Она! — подумал я и повернул налево, в проулок, ноги мягко ступали по соломе, истолченной конскими копытами. Но поле, сколько хватал глаз — от околицы до самой полосы кукурузы, — было пустынно. Я стал спускаться к реке и остановился на берегу под тополем отдохнуть. Дул ветерок, и листья тополя плакали, шептались, звенели, как колокольчики, повешенные на ветвях. Время от времени из камышей вспархивали и поднимались ввысь дикие утки. Кто-то вспугивал их, и они отправлялись к более спокойным водоемам.
Я собирался уже уйти, когда заметил на середине'реки купальщицу. Она стояла ко мне спиной — видны были только голые плечи и волосы, собранные на макушке в пучок, — и обрызгивала водой стаю птенцов на песчаном островке.
«Эй, толстячки, — будто говорила она, — дурачки вы эдакие — сидите на песке! Вы что — ведь живьем зажаритесь!»
Потом, увидев, что птенцы не шевелятся, она подняла руки, бросилась плыть вниз по течению и доплыла до поворота, где ольховник, точно жаждущий зверь, подходит к самой воде. Там она остановилась и стала распускать волосы. Вот показались над волнами на несколько мгновений ее белые округлые груди и лицо, скрытое темными прядями волос, и тут же пропали, погрузились под воду и больше уже не показывались.
— Фея вод… — пробормотал я и двинулся вниз по берегу реки, скрываясь в зарослях камыша и боярышника.

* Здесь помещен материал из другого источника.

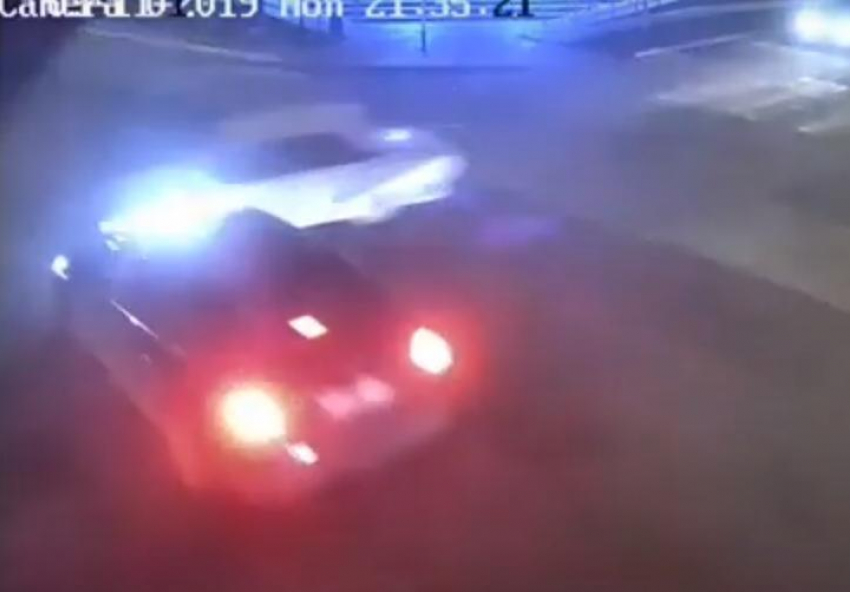 Поздно вечером в Анапе «Жигули» столкнулись с иномаркой - едва не пострадал человек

Но девушка словно исчезла в глубине вод.
Недоумевая, в чем дело, я разделся под акациями, прыгнул в воду и храбро поплыл. У противоположного илистого берега я остановился, приложил руку ко рту и крикнул протяжно, обернувшись к лесу:!' — Эге-ге-е-ей!
Мне ответило эхо, усиленное водой:
— Э-эй!
Я крикнул еще раз, подождал. Снова мне ответило эхо. И чего это я здесь стою перекликаюсь? — сердито подумал я и поплыл вниз по течению, держась ближе к берегу. На песке у ракиты отпечатались свежие следы. А выше, на своеобразной террасе, лежал большой круглый камень, и на нем только что, видно, сидела девушка, вытирая ноги.